27.2 robots.txt: Controlling Crawler Access

Right, let’s talk about robots.txt. This is the file where you, the website owner, get to politely ask search engine crawlers (or “robots”) to please stay out of certain parts of your digital house. I say “politely ask” because that’s the crucial bit everyone forgets: a robots.txt file is a set of guidelines, not a set of enforced rules. It’s the “Employees Only” sign on a door. It keeps honest people honest, but a burglar isn’t going to read it and suddenly decide to be a law-abiding citizen. Malicious scrapers and some less-scrupulous bots will merrily ignore it. Its real audience is the well-behaved crawlers from Google, Bing, and the like.
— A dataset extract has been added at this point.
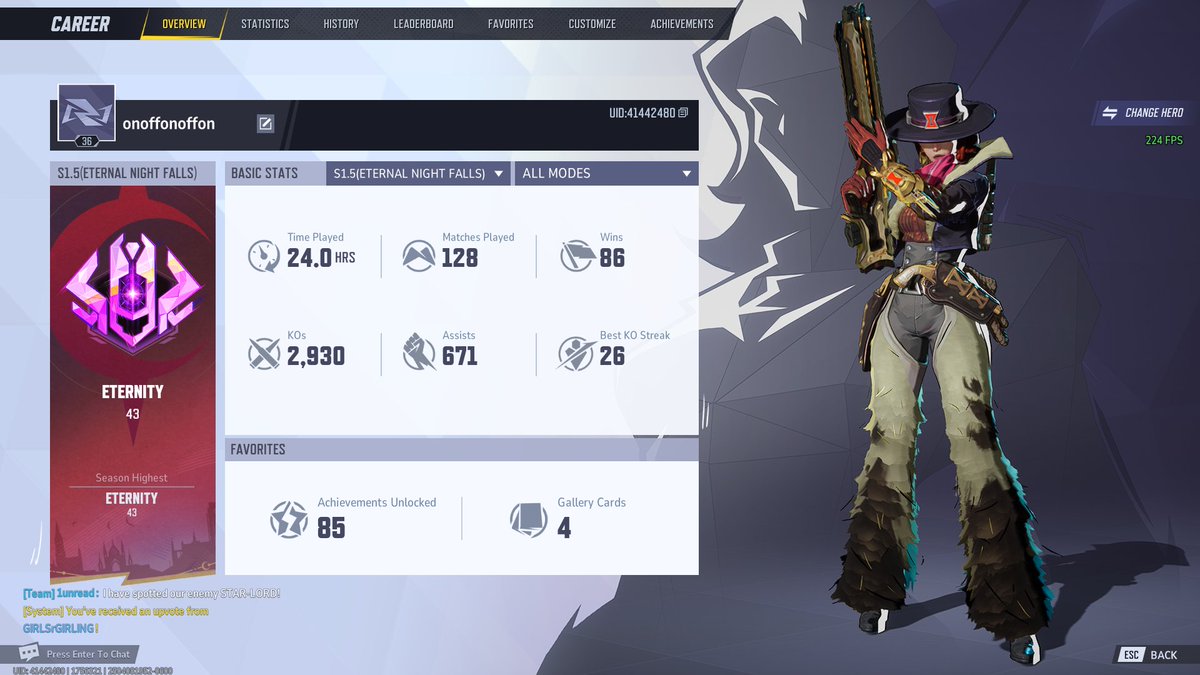 Paolette tweet media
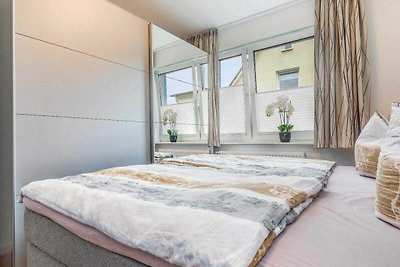 Vakantieappartement Gezinsvakantie Zirkow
You place this file at the root of your domain (https://www.yoursite.com/robots.txt). This is non-negotiable. A crawler will only look for it there. If it’s in /some-folder/robots.txt, it might as well not exist.

The Basic Syntax: It’s Just Two Main Rules

The language itself is mercifully simple. It has two primary directives: User-agent to specify which robot you’re talking to, and Disallow to tell them what to avoid. You can also use Allow as an exception to a broader Disallow rule, which is where things get useful.

Let’s look at the most common example, the “please crawl everything” setup:

User-agent: *
Disallow:

See that empty Disallow:? That’s the key. You’re saying, “To all user-agents (*), there are no paths I’m disallowing.” It’s a green light. You could also just not have a robots.txt file, but that’s sloppy. This explicitly tells everyone you’ve thought about it and are cool with being crawled.

Now, the classic “stay out of my private stuff” example:

User-agent: *
Disallow: /private-storage/
Disallow: /temp-files/
Disallow: /cgi-bin/

This tells every crawler to avoid those three directories and anything inside them. Note the leading slash /—it specifies the path from the root. Forgetting that slash is a classic rookie mistake that renders the rule useless.

Targeting Specific Crawlers and Using Allow

Sometimes you want to give special instructions to a specific bot. The most common one is Googlebot. Here’s how you’d tell everyone to stay out of /temp-files/ but give Google a special pass to one specific file inside it.

User-agent: *
Disallow: /temp-files/

User-agent: Googlebot
Allow: /temp-files/important-public-report.pdf
Disallow: /temp-files/

Order matters here. The crawler will read the file from top to bottom and use the most specific rule it can find for its user-agent. So Googlebot reads the first block (User-agent: *) and thinks, “Okay, I can’t go in /temp-files/.” Then it gets to its specific block, sees the Allow for the PDF, and says, “Aha! An exception! I can grab that one file.” The final Disallow just reinforces the general rule for that folder. It’s redundant for Googlebot in this case, but I’ve included it for clarity.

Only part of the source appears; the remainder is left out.